In The Dramatic Features category, Spain director Santiago Tabernero took the Grand Jury Prize in the Ibero-American Cinema Competition for "Vida y Color" ("Life in Color"), and in the World Cinema Competition, there was a tie; both "Accused" by Jacob Thuesen of Denmark and "Burnt Out" by Fabienne Godet of France won the $25,000 Grand Jury prizes. "Vida y Color" is a coming-of-age tale wrapped in mystery. The plot line follows a young boy living under the repression of the Franco regime in Spain during the 1970s. The Ibero-American competition was designed to showcase the films of first and second-time directors from Latin America, Spain and Portugal.

Similarly, the World Cinema competition honors new filmmakers from around the world. This year's winners are both psychological thrillers from European filmmakers. "Accused" is about a father who is accused by his teenage daughter of molesting her. The daughter, thought to be a pathological liar, complicates the process of finding out the truth. "Burnt Out," set in France, is the story of a white-collar worker who mysteriously leaves town after fellow co-workers have been killed. The film follows this man on his journey out of town while keeping the audience in suspense about whether he has any connection to the killings. Other special Grand Jury Mentions went to "7 Virgins" by Alberto Rodriguez of Spain for extraordinary vision in directing and Brazil director Sergio Machado's "Lower City" for excellence in performing by actors Alice Braga, Wagner Moura and Lazaro Ramos.

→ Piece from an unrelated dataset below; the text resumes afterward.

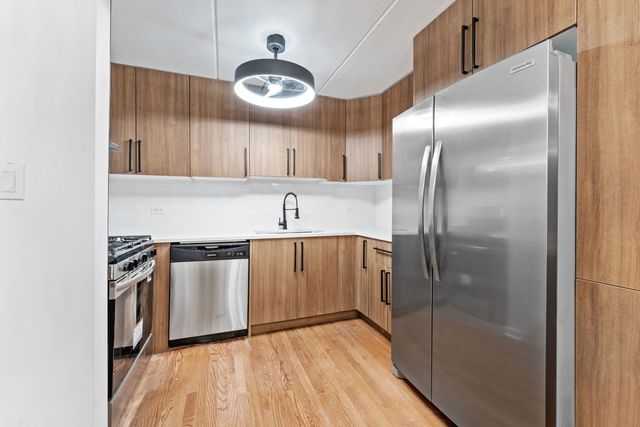 914 N Austin Boulevard A5, Oak Park, IL 60302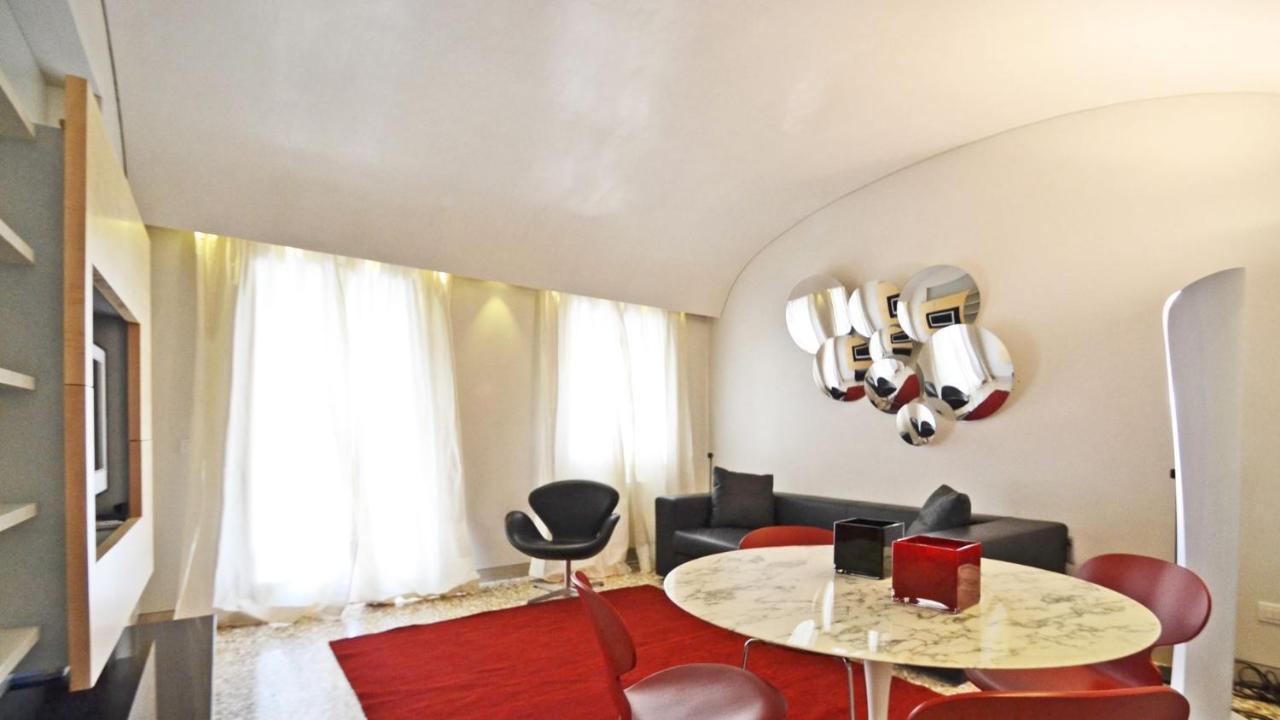 Ai Bareteri Luxury Canal View Venise Extérieur photo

The International Federation of Film Critics awarded their prize (the FIPRESCI) to Polish director Piotr Trzaskalski for "The Master," which was an entry in the World Dramatic features category. The Miami Encuentros award is unique to the Miami Film Festival and was started in 2003 to connect emerging producers from Spain and Latin America with U.S. industry professionals, and this year's award went to "Fraternal Love" by Lais Bodansky of Brazil. He received a Soundpost Music License Grant for $130,000.